### Aim of the exercise
Starting at the first line and ending at the last, reproduce the records below exactly.

╭─ Provided material

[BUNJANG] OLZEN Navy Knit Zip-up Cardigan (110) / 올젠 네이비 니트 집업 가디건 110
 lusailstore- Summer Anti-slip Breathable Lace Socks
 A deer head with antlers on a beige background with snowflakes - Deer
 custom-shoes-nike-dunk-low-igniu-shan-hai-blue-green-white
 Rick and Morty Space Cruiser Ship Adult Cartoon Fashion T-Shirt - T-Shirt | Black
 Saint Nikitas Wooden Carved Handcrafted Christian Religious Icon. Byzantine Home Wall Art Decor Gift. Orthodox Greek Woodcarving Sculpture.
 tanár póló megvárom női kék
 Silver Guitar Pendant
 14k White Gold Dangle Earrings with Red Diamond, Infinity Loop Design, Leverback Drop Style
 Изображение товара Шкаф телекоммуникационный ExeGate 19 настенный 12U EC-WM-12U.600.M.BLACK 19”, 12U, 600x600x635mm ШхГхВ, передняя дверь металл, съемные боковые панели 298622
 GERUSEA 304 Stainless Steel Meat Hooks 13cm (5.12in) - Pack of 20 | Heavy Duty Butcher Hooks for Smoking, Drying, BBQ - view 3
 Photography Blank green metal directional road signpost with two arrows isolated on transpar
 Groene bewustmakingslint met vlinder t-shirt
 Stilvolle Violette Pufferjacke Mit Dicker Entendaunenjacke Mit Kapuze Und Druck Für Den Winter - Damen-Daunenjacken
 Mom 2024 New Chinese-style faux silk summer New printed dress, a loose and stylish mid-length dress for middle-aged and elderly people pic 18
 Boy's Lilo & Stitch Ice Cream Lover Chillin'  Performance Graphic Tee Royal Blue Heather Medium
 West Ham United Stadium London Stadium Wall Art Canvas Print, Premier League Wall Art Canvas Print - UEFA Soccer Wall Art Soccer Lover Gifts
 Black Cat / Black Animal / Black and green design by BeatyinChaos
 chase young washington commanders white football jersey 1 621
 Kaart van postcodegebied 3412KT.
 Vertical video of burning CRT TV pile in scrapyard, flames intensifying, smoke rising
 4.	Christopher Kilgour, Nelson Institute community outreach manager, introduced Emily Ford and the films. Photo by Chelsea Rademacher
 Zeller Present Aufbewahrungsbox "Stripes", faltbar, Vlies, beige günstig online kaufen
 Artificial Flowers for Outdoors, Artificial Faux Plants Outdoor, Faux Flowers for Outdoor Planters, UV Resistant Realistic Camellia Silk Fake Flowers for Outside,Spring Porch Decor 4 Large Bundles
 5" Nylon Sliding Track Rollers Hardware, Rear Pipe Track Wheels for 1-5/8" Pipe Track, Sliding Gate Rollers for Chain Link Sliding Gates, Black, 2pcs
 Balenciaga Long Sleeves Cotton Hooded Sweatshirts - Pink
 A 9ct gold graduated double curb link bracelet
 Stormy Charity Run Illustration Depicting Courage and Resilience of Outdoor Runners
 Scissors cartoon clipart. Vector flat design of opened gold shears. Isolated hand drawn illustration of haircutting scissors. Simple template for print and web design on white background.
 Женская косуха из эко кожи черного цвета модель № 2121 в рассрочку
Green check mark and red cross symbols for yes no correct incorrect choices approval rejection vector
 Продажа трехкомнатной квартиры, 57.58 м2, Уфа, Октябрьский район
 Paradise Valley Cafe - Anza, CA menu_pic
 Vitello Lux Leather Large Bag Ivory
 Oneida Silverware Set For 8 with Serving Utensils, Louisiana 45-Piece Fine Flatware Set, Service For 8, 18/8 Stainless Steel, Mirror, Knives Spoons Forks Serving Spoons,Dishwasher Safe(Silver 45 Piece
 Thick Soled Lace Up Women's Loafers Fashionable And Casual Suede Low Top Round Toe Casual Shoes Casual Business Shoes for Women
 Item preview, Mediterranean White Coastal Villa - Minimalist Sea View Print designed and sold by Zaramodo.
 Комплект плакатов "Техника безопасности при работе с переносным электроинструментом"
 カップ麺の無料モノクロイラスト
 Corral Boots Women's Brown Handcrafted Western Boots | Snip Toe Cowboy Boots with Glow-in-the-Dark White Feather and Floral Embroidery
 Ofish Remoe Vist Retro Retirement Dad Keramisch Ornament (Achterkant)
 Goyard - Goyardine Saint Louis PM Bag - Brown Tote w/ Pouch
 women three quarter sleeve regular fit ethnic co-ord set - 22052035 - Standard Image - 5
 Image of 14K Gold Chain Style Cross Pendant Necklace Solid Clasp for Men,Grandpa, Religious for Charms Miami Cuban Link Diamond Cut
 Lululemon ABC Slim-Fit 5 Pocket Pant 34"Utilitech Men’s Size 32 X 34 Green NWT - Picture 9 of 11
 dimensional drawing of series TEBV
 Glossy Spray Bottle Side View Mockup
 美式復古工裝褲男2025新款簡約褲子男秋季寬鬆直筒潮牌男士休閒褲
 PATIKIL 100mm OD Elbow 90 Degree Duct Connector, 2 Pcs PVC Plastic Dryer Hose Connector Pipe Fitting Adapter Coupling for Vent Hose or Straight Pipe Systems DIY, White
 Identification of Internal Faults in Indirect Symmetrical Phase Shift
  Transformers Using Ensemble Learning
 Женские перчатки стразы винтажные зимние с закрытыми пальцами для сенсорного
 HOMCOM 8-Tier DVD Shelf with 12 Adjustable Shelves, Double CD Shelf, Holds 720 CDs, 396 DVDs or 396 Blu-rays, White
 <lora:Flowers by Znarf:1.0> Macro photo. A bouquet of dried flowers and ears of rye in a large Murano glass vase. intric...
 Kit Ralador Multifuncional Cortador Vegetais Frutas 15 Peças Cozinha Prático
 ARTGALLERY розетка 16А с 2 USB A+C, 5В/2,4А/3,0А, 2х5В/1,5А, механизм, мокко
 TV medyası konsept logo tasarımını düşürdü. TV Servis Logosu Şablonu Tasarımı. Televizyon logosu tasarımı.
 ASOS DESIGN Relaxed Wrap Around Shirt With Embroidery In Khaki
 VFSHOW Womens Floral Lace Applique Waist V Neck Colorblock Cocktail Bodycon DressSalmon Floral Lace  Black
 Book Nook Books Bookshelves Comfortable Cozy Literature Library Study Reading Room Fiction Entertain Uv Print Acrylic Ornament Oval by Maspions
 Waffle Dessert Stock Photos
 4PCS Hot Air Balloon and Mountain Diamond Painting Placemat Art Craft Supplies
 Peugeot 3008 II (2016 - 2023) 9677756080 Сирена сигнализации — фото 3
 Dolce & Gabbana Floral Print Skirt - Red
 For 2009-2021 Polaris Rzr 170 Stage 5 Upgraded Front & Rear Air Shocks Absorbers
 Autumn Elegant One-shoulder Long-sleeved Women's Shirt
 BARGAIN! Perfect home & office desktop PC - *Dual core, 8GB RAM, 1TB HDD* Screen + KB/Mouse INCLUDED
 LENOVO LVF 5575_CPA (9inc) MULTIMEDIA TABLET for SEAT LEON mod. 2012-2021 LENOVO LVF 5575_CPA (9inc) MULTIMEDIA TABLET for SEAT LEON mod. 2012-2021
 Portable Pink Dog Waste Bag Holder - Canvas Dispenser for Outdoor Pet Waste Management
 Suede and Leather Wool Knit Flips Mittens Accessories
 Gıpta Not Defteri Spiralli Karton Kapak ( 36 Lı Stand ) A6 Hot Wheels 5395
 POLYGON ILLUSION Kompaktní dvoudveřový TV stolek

╰─

### Output for this task
[BUNJANG] OLZEN Navy Knit Zip-up Cardigan (110) / 올젠 네이비 니트 집업 가디건 110
 lusailstore- Summer Anti-slip Breathable Lace Socks
 A deer head with antlers on a beige background with snowflakes - Deer
 custom-shoes-nike-dunk-low-igniu-shan-hai-blue-green-white
 Rick and Morty Space Cruiser Ship Adult Cartoon Fashion T-Shirt - T-Shirt | Black
 Saint Nikitas Wooden Carved Handcrafted Christian Religious Icon. Byzantine Home Wall Art Decor Gift. Orthodox Greek Woodcarving Sculpture.
 tanár póló megvárom női kék
 Silver Guitar Pendant
 14k White Gold Dangle Earrings with Red Diamond, Infinity Loop Design, Leverback Drop Style
 Изображение товара Шкаф телекоммуникационный ExeGate 19 настенный 12U EC-WM-12U.600.M.BLACK 19”, 12U, 600x600x635mm ШхГхВ, передняя дверь металл, съемные боковые панели 298622
 GERUSEA 304 Stainless Steel Meat Hooks 13cm (5.12in) - Pack of 20 | Heavy Duty Butcher Hooks for Smoking, Drying, BBQ - view 3
 Photography Blank green metal directional road signpost with two arrows isolated on transpar
 Groene bewustmakingslint met vlinder t-shirt
 Stilvolle Violette Pufferjacke Mit Dicker Entendaunenjacke Mit Kapuze Und Druck Für Den Winter - Damen-Daunenjacken
 Mom 2024 New Chinese-style faux silk summer New printed dress, a loose and stylish mid-length dress for middle-aged and elderly people pic 18
 Boy's Lilo & Stitch Ice Cream Lover Chillin'  Performance Graphic Tee Royal Blue Heather Medium
 West Ham United Stadium London Stadium Wall Art Canvas Print, Premier League Wall Art Canvas Print - UEFA Soccer Wall Art Soccer Lover Gifts
 Black Cat / Black Animal / Black and green design by BeatyinChaos
 chase young washington commanders white football jersey 1 621
 Kaart van postcodegebied 3412KT.
 Vertical video of burning CRT TV pile in scrapyard, flames intensifying, smoke rising
 4.	Christopher Kilgour, Nelson Institute community outreach manager, introduced Emily Ford and the films. Photo by Chelsea Rademacher
 Zeller Present Aufbewahrungsbox "Stripes", faltbar, Vlies, beige günstig online kaufen
 Artificial Flowers for Outdoors, Artificial Faux Plants Outdoor, Faux Flowers for Outdoor Planters, UV Resistant Realistic Camellia Silk Fake Flowers for Outside,Spring Porch Decor 4 Large Bundles
 5" Nylon Sliding Track Rollers Hardware, Rear Pipe Track Wheels for 1-5/8" Pipe Track, Sliding Gate Rollers for Chain Link Sliding Gates, Black, 2pcs
 Balenciaga Long Sleeves Cotton Hooded Sweatshirts - Pink
 A 9ct gold graduated double curb link bracelet
 Stormy Charity Run Illustration Depicting Courage and Resilience of Outdoor Runners
 Scissors cartoon clipart. Vector flat design of opened gold shears. Isolated hand drawn illustration of haircutting scissors. Simple template for print and web design on white background.
 Женская косуха из эко кожи черного цвета модель № 2121 в рассрочку
Green check mark and red cross symbols for yes no correct incorrect choices approval rejection vector
 Продажа трехкомнатной квартиры, 57.58 м2, Уфа, Октябрьский район
 Paradise Valley Cafe - Anza, CA menu_pic
 Vitello Lux Leather Large Bag Ivory
 Oneida Silverware Set For 8 with Serving Utensils, Louisiana 45-Piece Fine Flatware Set, Service For 8, 18/8 Stainless Steel, Mirror, Knives Spoons Forks Serving Spoons,Dishwasher Safe(Silver 45 Piece
 Thick Soled Lace Up Women's Loafers Fashionable And Casual Suede Low Top Round Toe Casual Shoes Casual Business Shoes for Women
 Item preview, Mediterranean White Coastal Villa - Minimalist Sea View Print designed and sold by Zaramodo.
 Комплект плакатов "Техника безопасности при работе с переносным электроинструментом"
 カップ麺の無料モノクロイラスト
 Corral Boots Women's Brown Handcrafted Western Boots | Snip Toe Cowboy Boots with Glow-in-the-Dark White Feather and Floral Embroidery
 Ofish Remoe Vist Retro Retirement Dad Keramisch Ornament (Achterkant)
 Goyard - Goyardine Saint Louis PM Bag - Brown Tote w/ Pouch
 women three quarter sleeve regular fit ethnic co-ord set - 22052035 - Standard Image - 5
 Image of 14K Gold Chain Style Cross Pendant Necklace Solid Clasp for Men,Grandpa, Religious for Charms Miami Cuban Link Diamond Cut
 Lululemon ABC Slim-Fit 5 Pocket Pant 34"Utilitech Men’s Size 32 X 34 Green NWT - Picture 9 of 11
 dimensional drawing of series TEBV
 Glossy Spray Bottle Side View Mockup
 美式復古工裝褲男2025新款簡約褲子男秋季寬鬆直筒潮牌男士休閒褲
 PATIKIL 100mm OD Elbow 90 Degree Duct Connector, 2 Pcs PVC Plastic Dryer Hose Connector Pipe Fitting Adapter Coupling for Vent Hose or Straight Pipe Systems DIY, White
 Identification of Internal Faults in Indirect Symmetrical Phase Shift
  Transformers Using Ensemble Learning
 Женские перчатки стразы винтажные зимние с закрытыми пальцами для сенсорного
 HOMCOM 8-Tier DVD Shelf with 12 Adjustable Shelves, Double CD Shelf, Holds 720 CDs, 396 DVDs or 396 Blu-rays, White
 <lora:Flowers by Znarf:1.0> Macro photo. A bouquet of dried flowers and ears of rye in a large Murano glass vase. intric...
 Kit Ralador Multifuncional Cortador Vegetais Frutas 15 Peças Cozinha Prático
 ARTGALLERY розетка 16А с 2 USB A+C, 5В/2,4А/3,0А, 2х5В/1,5А, механизм, мокко
 TV medyası konsept logo tasarımını düşürdü. TV Servis Logosu Şablonu Tasarımı. Televizyon logosu tasarımı.
 ASOS DESIGN Relaxed Wrap Around Shirt With Embroidery In Khaki
 VFSHOW Womens Floral Lace Applique Waist V Neck Colorblock Cocktail Bodycon DressSalmon Floral Lace  Black
 Book Nook Books Bookshelves Comfortable Cozy Literature Library Study Reading Room Fiction Entertain Uv Print Acrylic Ornament Oval by Maspions
 Waffle Dessert Stock Photos
 4PCS Hot Air Balloon and Mountain Diamond Painting Placemat Art Craft Supplies
 Peugeot 3008 II (2016 - 2023) 9677756080 Сирена сигнализации — фото 3
 Dolce & Gabbana Floral Print Skirt - Red
 For 2009-2021 Polaris Rzr 170 Stage 5 Upgraded Front & Rear Air Shocks Absorbers
 Autumn Elegant One-shoulder Long-sleeved Women's Shirt
 BARGAIN! Perfect home & office desktop PC - *Dual core, 8GB RAM, 1TB HDD* Screen + KB/Mouse INCLUDED
 LENOVO LVF 5575_CPA (9inc) MULTIMEDIA TABLET for SEAT LEON mod. 2012-2021 LENOVO LVF 5575_CPA (9inc) MULTIMEDIA TABLET for SEAT LEON mod. 2012-2021
 Portable Pink Dog Waste Bag Holder - Canvas Dispenser for Outdoor Pet Waste Management
 Suede and Leather Wool Knit Flips Mittens Accessories
 Gıpta Not Defteri Spiralli Karton Kapak ( 36 Lı Stand ) A6 Hot Wheels 5395
 POLYGON ILLUSION Kompaktní dvoudveřový TV stolek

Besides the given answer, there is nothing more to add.